Safety and OSHA News

Study: Workplace bullying hurts occupational safety and health

We all know bullying supervisors negatively affect morale. Now, a new study also shows they also impact workplace safety. 

Employees’ safety behavior can become worse when they’re treated in ways that detract from their bonds to a work group, according to Liu-Qin Yang, associate professor of industrial-organizational psychology at Portland State University.

Here’s how that happens, step-by-step:

  • Bosses’ behaviors can strengthen or weaken employees’ sense of belonging to the work group by supporting or undermining workers’ perceived status within the group
  • Poor treatment from a boss can make employees feel they’re not valued by the group
  • As a result, employees can become more self-centered
  • That leads them to respond negatively to their boss’ bullying behaviors
  • Part of the negative response is to not follow rules – such as safety rules.

The more uncertain an employee is about their social standing within a group, the more likely they are to respond negatively and “forget” safety.

And of course we know all it takes is one safety mistake by one employee to create a catastrophe.

“When people are less sure about their strengths and weaknesses and their status within a group, they become more sensitive,” Yang said.

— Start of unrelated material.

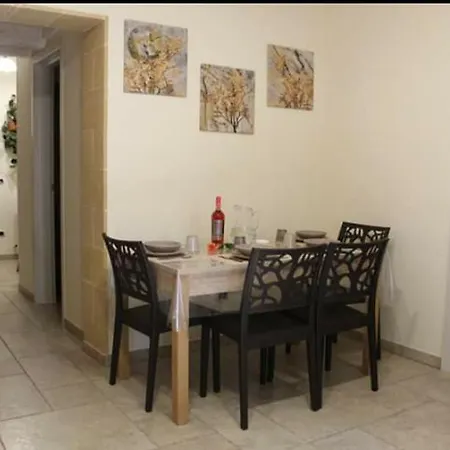 Lea's House ナルド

“Organizations need to understand how important it is to curb leaders’ bad behavior and to create positive team dynamics, so that there will be fewer negative safety consequences for employees or customers,” she said.

What should employers do?

  • Implement training programs to improve leaders’ skills interacting with their employees, particularly when providing feedback and discipline
  • Promote a work environment that strengthens social bonds between employees, and
  • Make performance reviews more transparent so employees have less uncertainty about their social status in the workplace.

The study, Abusive supervision, thwarted belongingness, and workplace safety: A group engagement perspective, was published in the Journal of Applied Psychology.

Yang and her co-authors surveyed airline pilots and manufacturing technicians to arrive at their findings.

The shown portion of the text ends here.